Actors Ben Stein and Charles Durning guest starred in the episode as Rabbi Goldberg and Francis Griffin, respectively. Rabbi Goldberg and Max Weinstein, two Jewish characters whom Lois and Peter seek advice from after discovering Lois' heritage, made their second appearance in the series, having previously appeared in the third season episode "When You Wish Upon a Weinstein", which was originally banned from airing on network television. However, Peter Riegert did not reprise his role of Max Weinstein. Instead, voice actor Jeff Bergman, notable for playing Fred Flintstone in the show, voices him. In addition to Stein, Durning, Bergman, and the regular cast, child actor Max Burkholder and voice actor William Woodson guest starred in the episode. Recurring guest voice actors Johnny Brennan, actor Ralph Garman, writer Mark Hentemann, writer Danny Smith, writer Alec Sulkin, and writer John Viener also made minor appearances.

==Cultural references==
"Family Goy" contained various cultural references. The episode opens with a parody of the opening sequence of The All-New Super Friends Hour, with the central characters of Family Guy replacing The All-New Super Friends Hours main characters, except for Meg. When Peter first sees the Kathy Ireland cutout, he starts to sing the Billy Ocean song, "Suddenly". As Lois collects the mail Peter attempts to shoot her, topless and armed with a sniper rifle, but instead hits the mailbox which is reminiscent of a scene in Schindler's List of Amon Göth shooting down Jews in the Kraków-Płaszów concentration camp in occupied Poland. Stewie's prayer over the candles is a real prayer that women recite before a non-Sabbath festival's start; however, the prayer turns into a reference to the 1984 adventure film Indiana Jones and the Temple of Doom, where Indian priest Mola Ram takes out a man's heart during a ritual. Peter references William Shakespeare's play Macbeth, but the cutaway gag shows a battle in a spaceship, at which Peter admits that he is not very familiar with Shakespeare's works.

==Reception==
"Family Goy" was first broadcast in the United States and Canada on Fox on October 4, 2009. The episode was viewed by 9.66 million people and received a 5.4/8 Nielsen Rating, making "Family Goy" the ninth most-watched show of the night it was broadcast.

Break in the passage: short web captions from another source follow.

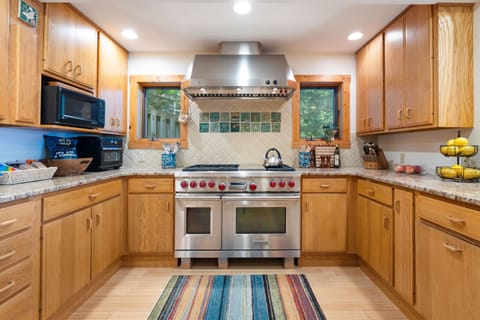 Cook with ease in a fully stocked kitchen featuring a professional-grade Wolf range, quality cookware, and all the essentials to inspire your inner chef—perfect for everything from quick breakfasts to memorable group dinners. 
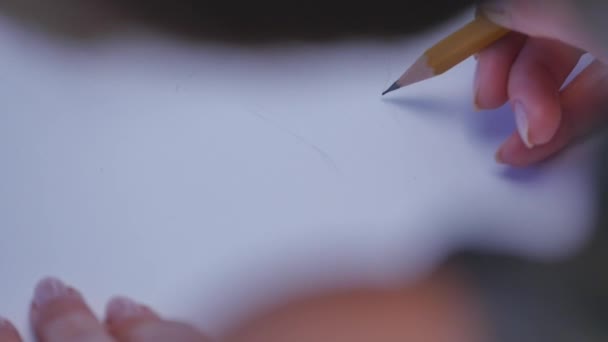 Ludzkie ręce z ołówek pisać na papierze, na tle biały stół — Wideo stockowe
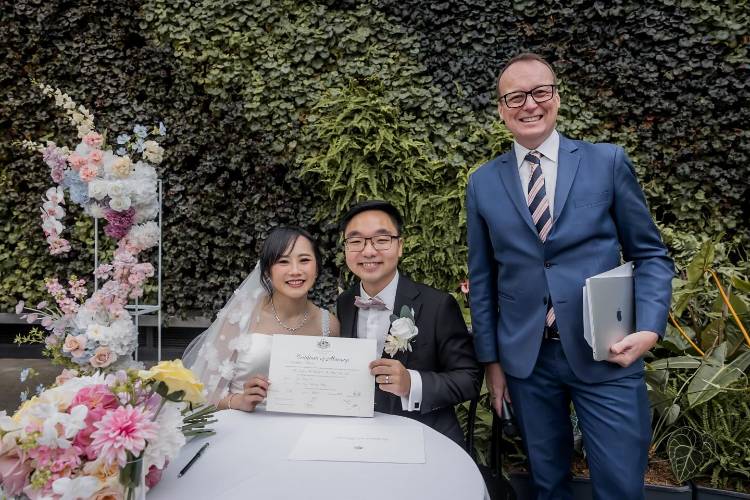 Refined male celebrant Chris Stedman with newlyweds holding marriage certificate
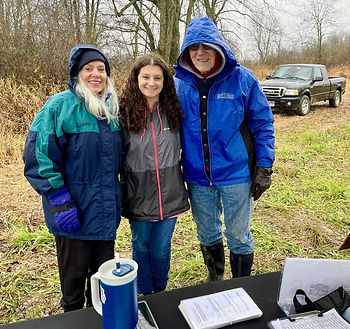 YSU Legacy Forests Committee Members Catherine Cala, Christina Corturillo, and Lauren Schroeder pose at the registration table.
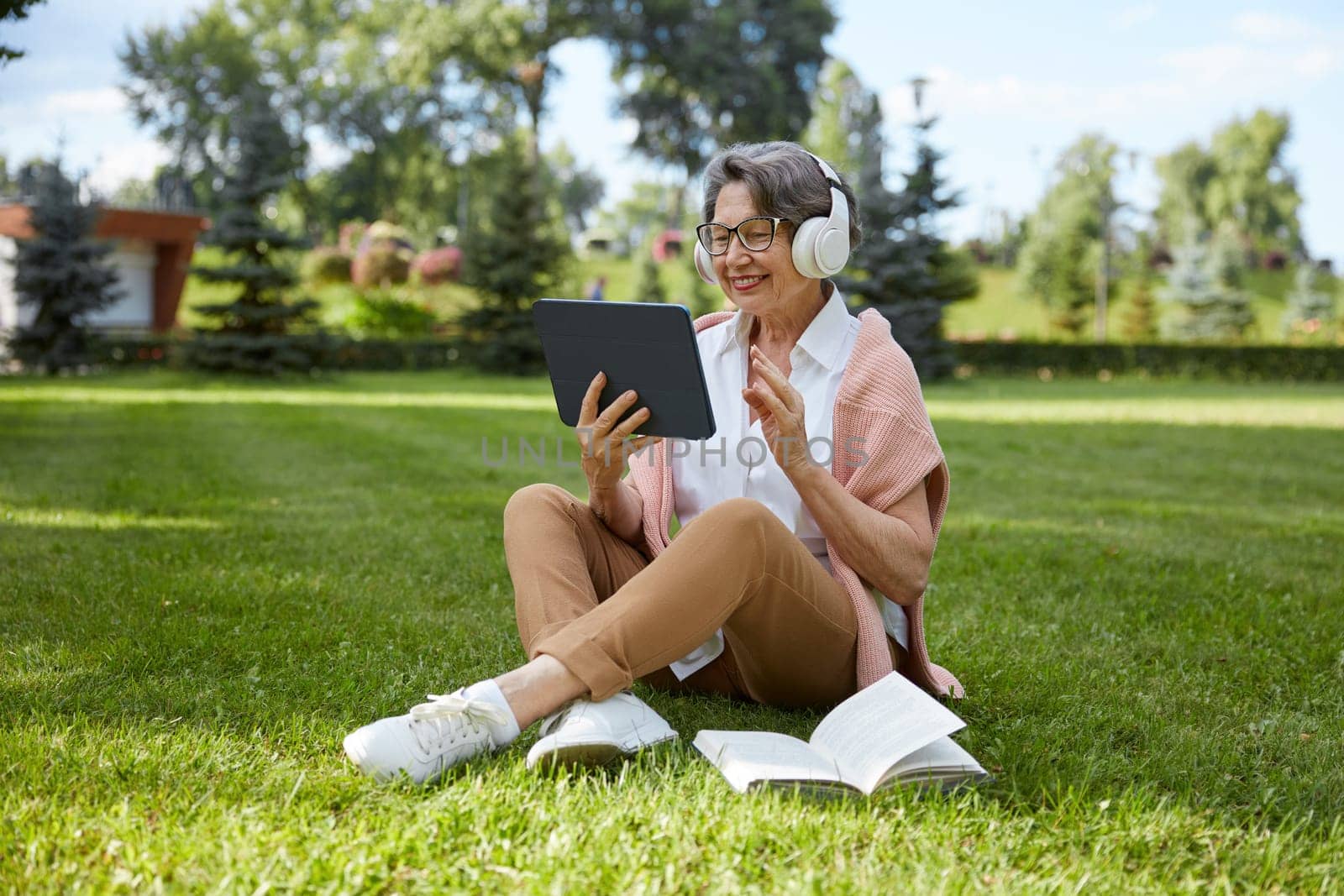 Happy smiling elderly woman talking with friends or having education webinar with teacher using videocall app on mobile digital tablet while resting in public park
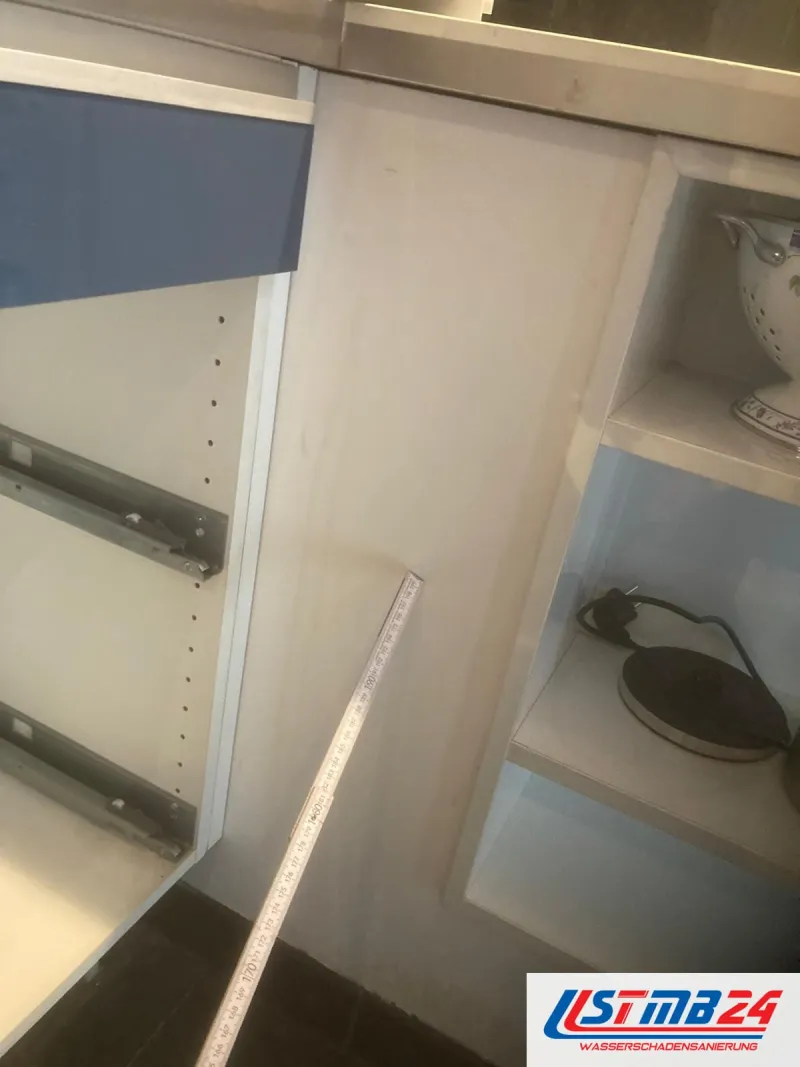 Küchenmontage: leerer Korpus mit Vollauszugsschienen, ein Zollstock liegt darin, rechts ein offenes Regal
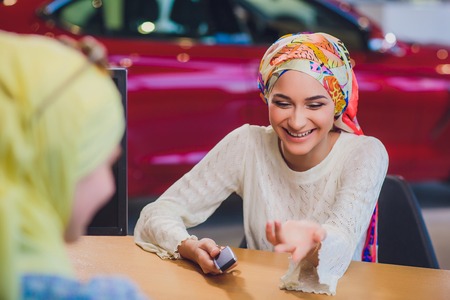 Beautiful woman enjoying happy moment getting car key from car seller auto salon. muslim woman in hijabの写真素材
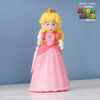 Super Mario Bros Le Film - Série de figurines de 5" avec accessoire - Figurine Princesse Peach avec Parapluie comme accessoire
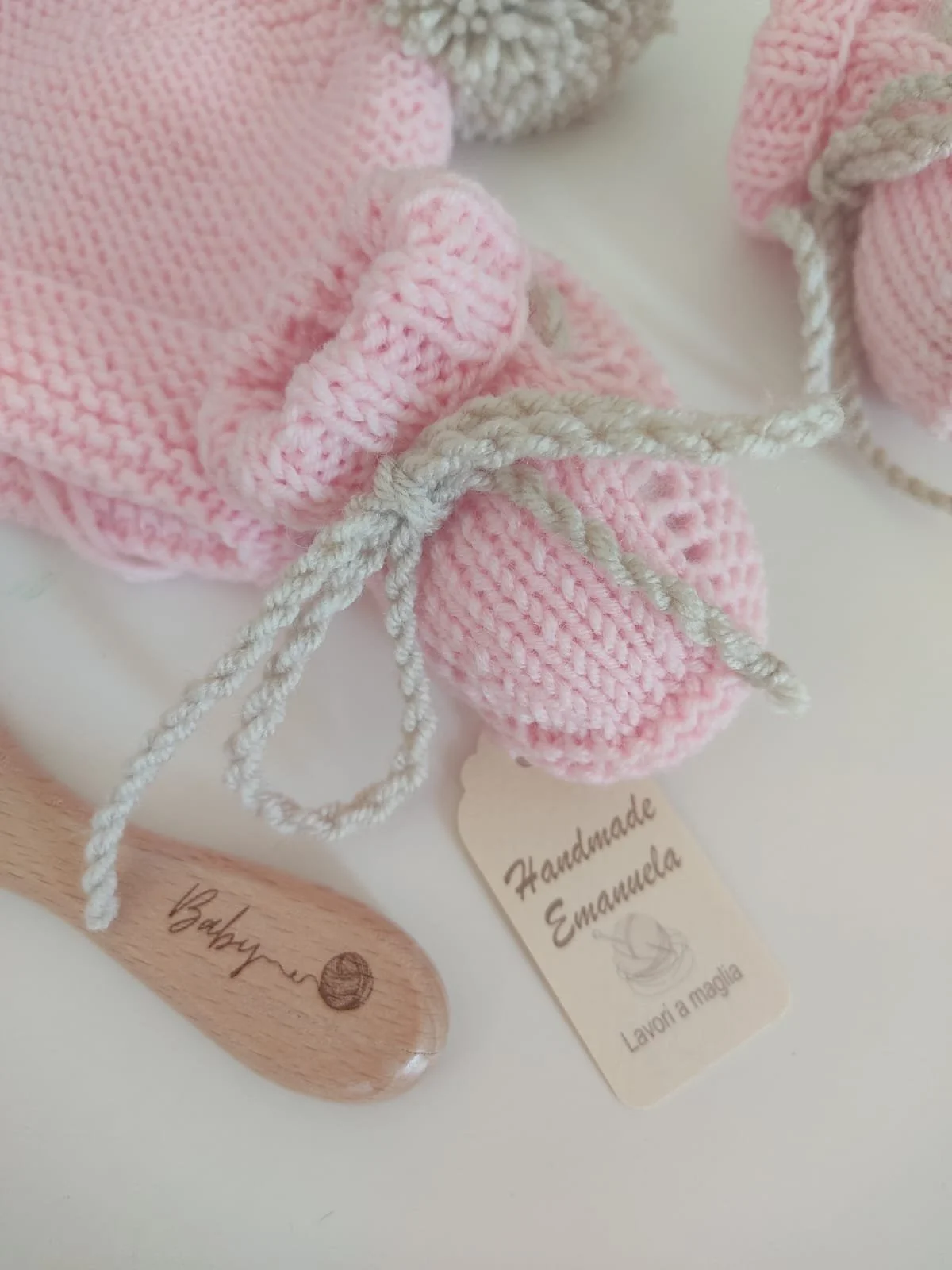 Dettaglio di scarpine in maglia rosa con laccio beige, cartellino e spazzolina in legno con incisione Baby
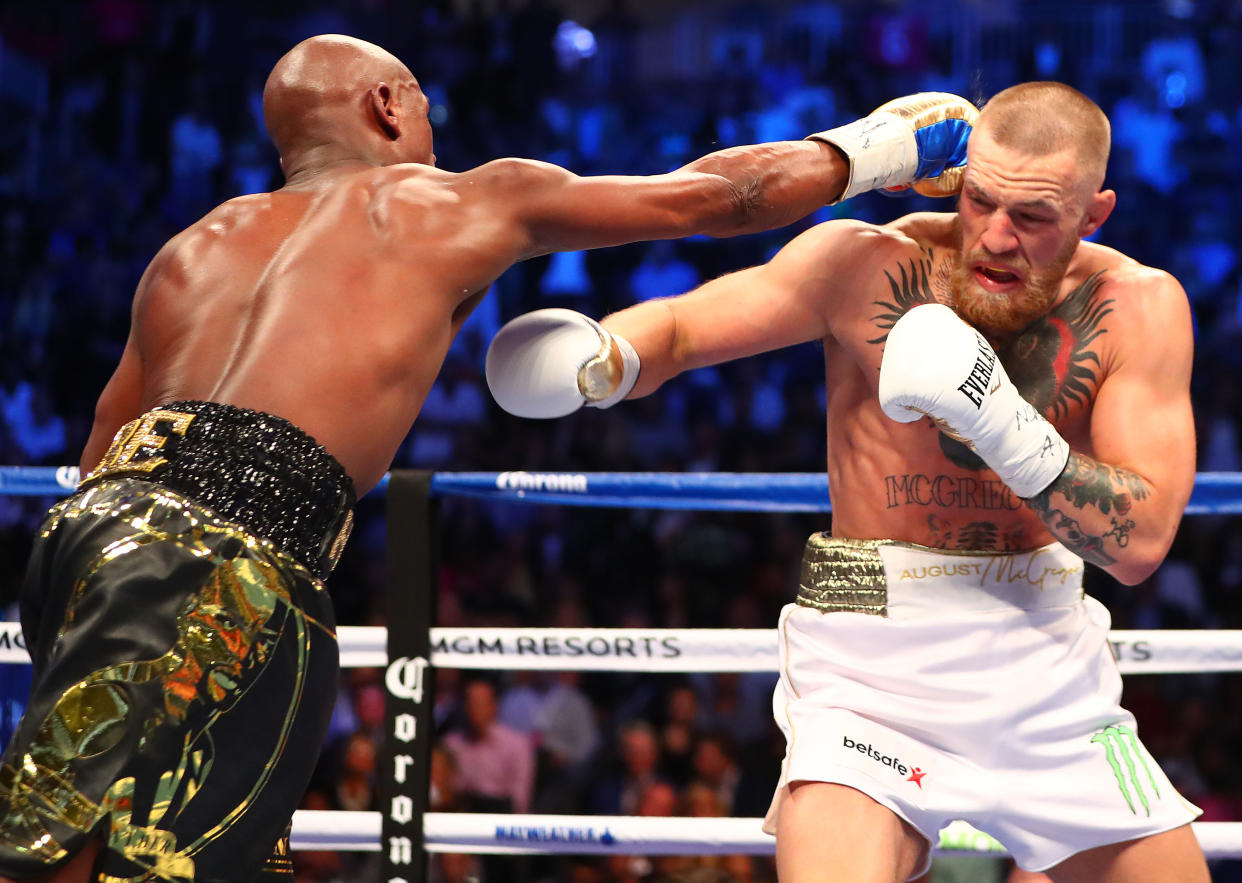 Aug 26, 2017; Las Vegas, NV, USA; Floyd Mayweather Jr. lands a hit on Conor McGregor during a boxing match at T-Mobile Arena. Mandatory Credit: Mark J. Rebilas-USA TODAY Sports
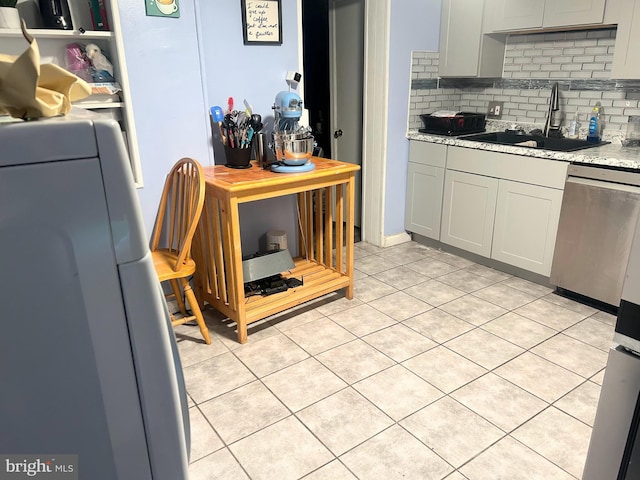 6540 Parnell Ave, Baltimore, MD 21222 - kitchen featuring dishwasher, tasteful backsplash, light tile patterned floors, refrigerator, and light stone countertops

The episode was met with mixed critical responses. Ahsan Haque of IGN praised the second half of the episode but felt that the Kathy Ireland plot was too long. In his review, he commented "It's definitely meant for people who are open-minded to this kind of humor, and can make sure they treat the subject matter purely as comedy and not any manner of social commentary or prejudice. Take away the slow start, and this episode managed to really deliver some memorable shocking comedy." TV Guide critic Alex Rocha praised the show's League of Justice opening sequence and the Kathy Ireland plot but reacted negatively to the second half of the episode, stating that he "dozed off" during the last fifteen minutes. TV Guide also listed the episode on the "TV hot list" of October 4. The Toronto Star noted the episode was "worth watching". Todd VanDerWerff of The A.V. Club gave the episode a negative review, giving it a C− grade and concluding that, "Overall, the episode was just an excuse to drag out a bunch of tired Jewish jokes and also have Peter briefly descend into antisemitism". Though she mostly disliked the episode, VanDerWerff praised Stewie's part in the episode, as well as the Shakespeare cutaway gag and a cutaway that featured Peter getting into fight with a cat. Jewish Journal critic Adam Willis commented "My hope is that the series will roast the familiar Jewish themes introduced in “Family Goy,” rather than continuing on the Jews-as-targets route. The show has regularly featured some inspiring Jewish gags – both in good taste and bad. And while Hebrew community in-jokes would be better received by Jewish viewers, the likely reality is the Holocaust humor will continue to dominate."

Media watchdog group the Parents Television Council, a frequent critic of the show, named "Family Goy" its "Worst TV Show of the Week" for the week ending October 9, 2009, criticizing what it saw as an antisemitic plot.